Una volta, i “preppers”, quelli che si preparano a lottare e sopravvivere in un collasso sociale totale accumulando proiettili e scatolame  in qualche deserto americano, erano la “frangia lunatica”  fatta  per lo più da reduci di guerra tornati disturbati dall’Irak, o complottasti paranoici; gente senza tanti mezzi comunque.  Adesso sono le menti  brillanti di SIlicon Valley  a prepararsi  all’Armageddon, sia quello naturale (terremoto della faglia di Sant?Andrea)  sia il collasso sociale e politico della società.
Antonio García Martínez,   40 anni, ha   ammesso di aver acquistato “due ettari di bosco in un’isola del Nord  Pacifico e d’averla attrezzata con generatori, pannelli solari, casse di munizioni”. Il fondatore di PayPal , Peter Thiel, ha non solo comprati terreni in Nuova Zelanda, ma fondato là una ditta  che aiuta i suoi pari (pari-reddito) a cercare là ridenti rifugi.
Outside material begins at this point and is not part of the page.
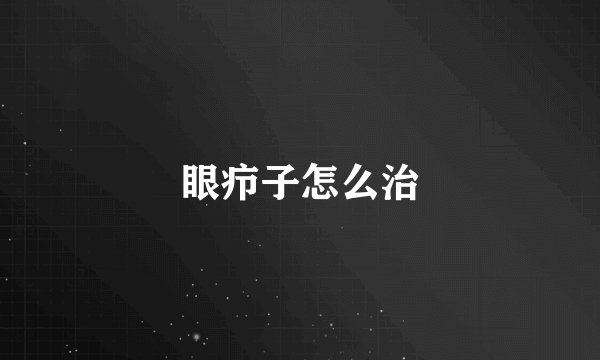 眼疖子怎么治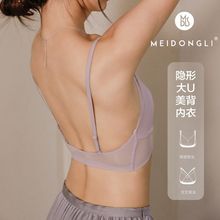 夏超薄10d冰丝凉感速干一片式无痕大露背隐形两穿无钢圈美背内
Nei fatti,   nei primi 10 mesi  del 2016, mani straniere  hanno acquistato 3500 chilometri quadrati in  Nuova Zelanda. Il posto così lontano è oggetto  dei loro appetiti, anche  perché  ritenuto sicuro   se scoppia una epidemia globale…
Reid Hoffman, creatore di LinkedIn, ha raccontato al giornalista dell New Yorker: “Dire che  hai comprato una casa in Nuova Zelanda è  come un ammicco  fra noi.  Si fa’ la stretta di   mano massonica e ci si scambiano notizie del tipo: niamo, “Sai, conosco un mediatore che vende vecchi silos per missili ICBM,  a prova di atomica…”.  O si discute su temi come: “Bisogna comprarsi un aereo privato. Bisogna  prendersi cura anche della famiglia del  pilota. Devono essere sull’aereo”.
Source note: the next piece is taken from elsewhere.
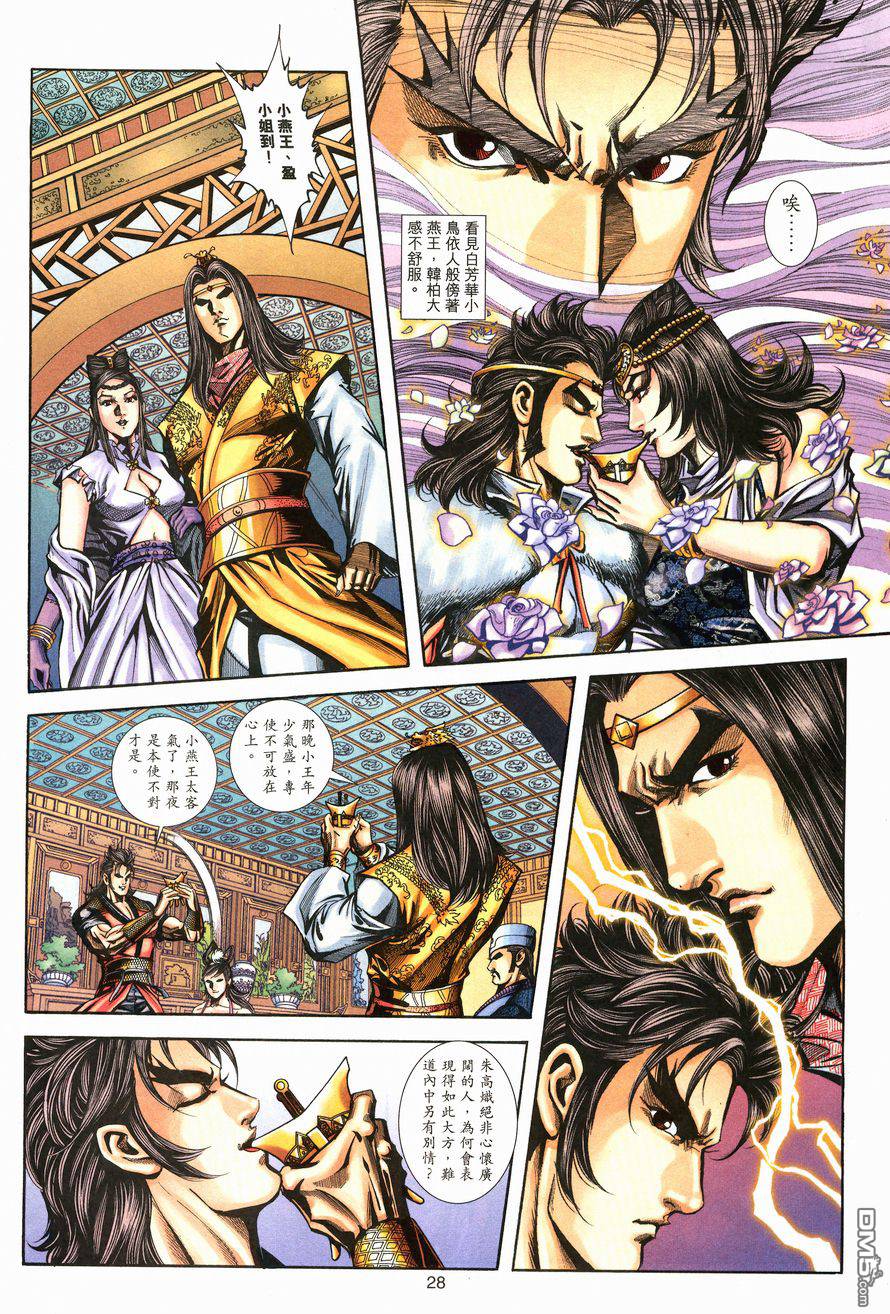 第 28 页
E’   istruttivo vedere  come abbiano  paura della società  che  loro stessi hanno creato,  e  ne vogliano fuggire. Come pensano di salvare se stessi per via individuale, accumulando munizioni   generatori solari,   trincerandosi coi propri pari in condomini fortificato:   uno spasimo terminale di individualismo americano    e di spirito del West,  con i carri in circolo contro gli  indiani.
Se avessimo avuto una più equa distribuzione del reddito, messo più fondi e energia nelle scuole pubbliche, nei parchi, nelle arti o  e nella sanità pubblica,   avremmo tolto molta della rabbia che si sente nella società.  Le  abbiamo tutte smantellate, queste cose”, ammette Rob Johnson , che ha fondato un Institute  for  New Economic Thinking (istituto per  un nuovo pensiero economico),  dove  cerca di  riproporre  le strane idee  della società come un sistema di corresponsabilità  a questi  ricchi spaventati.  Ma lamenta la mancanza di “spirito di responsabilità  verso il  prossimo”  e l’apertura  alla possibilità, fra   i ricchi, di una più decisiva politica fiscale di redistribuzione.